I cannot say that humility was his strongest suit, but he was quick to admit his limits. When challenged with questions outside his expertise, he would have no qualms admitting, “I am sorry. I am not up-to-date with the literature on this topic.” Of course, he wouldn’t just leave it at that. If he thought the question was significant enough, he would study the evidence until he found the answer or call in an expert. As he said often, being thorough is very important in oncology.

It was not all work and no play with this dynamo. I was shocked to learn that this sprightly man was also a triathlete. Of course, sedentary me decided to draw the line at emulating him right there. Every year, this dignified professor enthusiastically participated in oddball charity events like the Gelatin Splash, which involved wearing a funky costume and jumping into 2000 gallons of red gelatin! Some of his avatars for the splash included the Mad Hatter, Kinky Boots, Gru from Despicable Me, Genie from Aladdin, and, of course, Superman. He would throw himself wholeheartedly into any undertaking if it resulted in the betterment of his patients. His enthusiasm was so infectious that the whole division got involved with his shenanigans and the costume contest became a summer staple.

A common refrain on everyone’s lips was “How does he find the time?” And that’s where his leadership skills kicked in. Dr Wetzler was a true team player. He loved his team, and his team loved him right back.
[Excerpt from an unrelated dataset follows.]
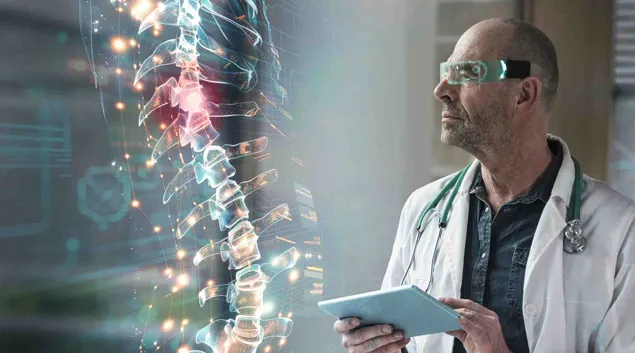 Doctor wearing VR glasses examines 3-D model of spine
He was a taskmaster and demanded the best from everyone every single day, but behind that tough exterior was a heart of gold—he would be the first person to answer a call for help.

After I finished my leukemia rotation, I saw less and less of him. At times when our paths crossed, even though our interactions were brief, he always left me with a snippet of knowledge. Over time, lymphoma became my calling, I found new mentors and moved on, and thoughts of my first mentor slowly faded. Two years later, tragedy struck. Dr Wetzler met with a fatal accident while skiing and was gone, just like that, leaving behind a gaping wound in the hearts of all whom he had touched. This article is supposed to be about what I felt and how I coped. The truth is that for the first few days, I didn’t feel a thing. I suppose I was sad about the loss and what it meant to my institute, his family and patients, and the leukemia community in general, but I was just numb emotionally. My mind, on the contrary, was spinning.